CELSUS KÜTÜPHANESİ- EPHESOS

 Kütüphane hakkında kısa bilgiler

Kütüphane kelimesi Arapça kitaplar anlamına gelen kütüp ve Farsça ev anlamına gelen hane kelimelerinden oluşup kitapların evi karşılığını bulmaktadır.

Yine kütüphanenin karşılığı olan ve bugün batı dünyasında kullanılan bibliothek kelimesinin aslı ise Yunanca olup, Biblon ve Thekeise kelimelerinin birleşmesiyle oluşmuştur. Biblon papirüs veya papirüs ruloları thekeise ise herhangi bir şeyi koruyan içine alan anlamlarına gelmekte olup kitapların korunduğu yer olarak tanımlanabilmektedir.

Kütüphanenin geçmişini Asur krallığına kadar dayandırabiliyoruz. Asur kralı Asurbanipal’in kurduğu kütüphane, Antik Yakın Doğu’da sistematik olarak toplanan ilk kütüphane olarak kabul edilmiştir.

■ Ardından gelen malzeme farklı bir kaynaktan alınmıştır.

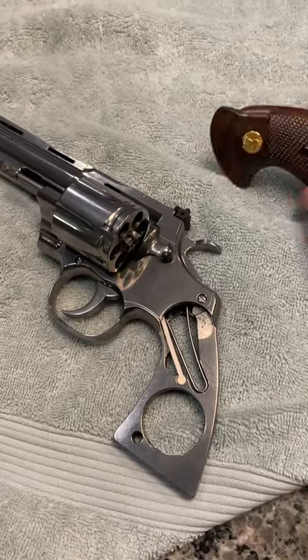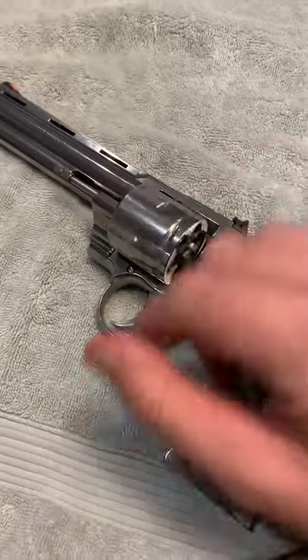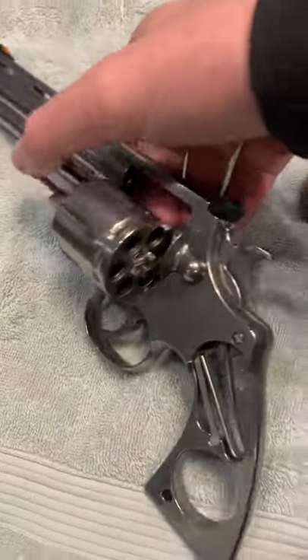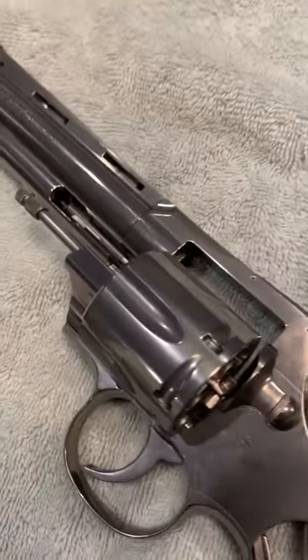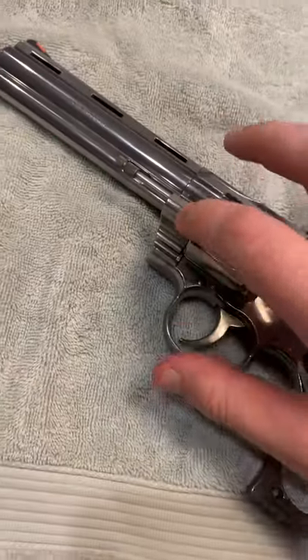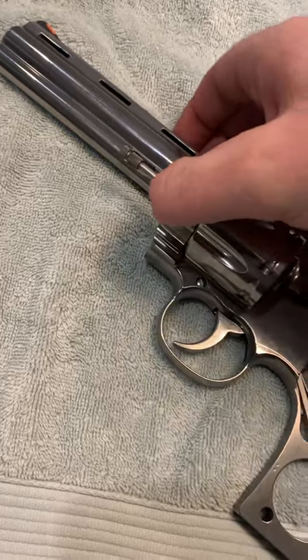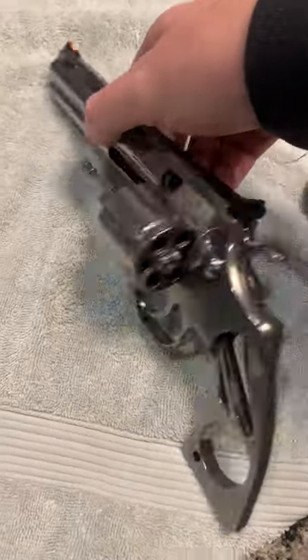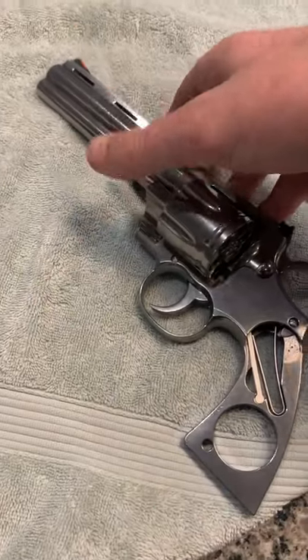I got one of the new Colt Pythons and I was going to put new grips on it, but this thing is stuck open — I literally can't close it. I've never fired it; it's a new 2020 model. I'm pretty strong, but it's stuck. Has anyone ever seen anything like this where the new Python can't be closed?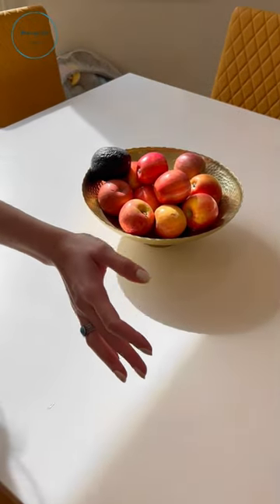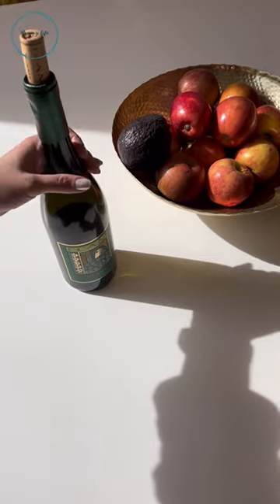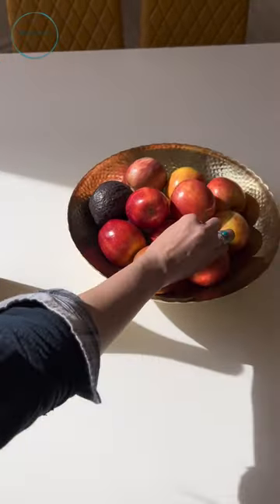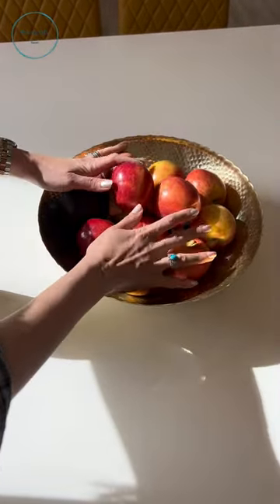Use corkscrews to get rid of fruit flies. Yes, you heard right. The cork material is actually a natural deterrent because it absorbs the moisture that the ripened fruits produce, and that gives off an odor that the fruit flies actually don't like. So simply place it in your fruit bowl and say goodbye to those pesky flies.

Yunan Kütüphaneleri ile Karşılatırmalı Olarak Roma Kütüphaneleri

İç Düzene Bağlı Bölümler                                 

a) Kütüphane Salonu ve Depolar

Yunan kütüphanelerinde ilk olarak bir okuma salonu ya da en azından Roma Dönemi kütüphaneleri gibi gösterişli bir okuma salonu olmadığını biliyoruz. M.ö. 3. Yy da kurulan Aleksandreia Kütüphanesi ile ilgili bilgilere Strabon’ dan ulaşıyoruz. Strabon burada yemek yenilen ve toplantı yapılan salonlardan bahsederken büyük bir salondan bahsetmemektedir. Eğer böyle bir salon İskenderiye Kütüphanesinde bulunsaydı mutlaka bahsediyor olmalıydı. Yine Mısır’da Serapeion kütüphanesinde toplantı salonu olan bir oikosun olduğunu biliyoruz. Yani Yunan kütüphanelerinde kitapların saklandığı depo odalarıyla birlikte kütüphaneye bağlı oikosların da varlığından haberdarız. Bir İstisna olarak Pergamon Kütüphanesinde okuma salonu olduğunu biliyoruz ancak bu da büyük ve gösterişli değildi.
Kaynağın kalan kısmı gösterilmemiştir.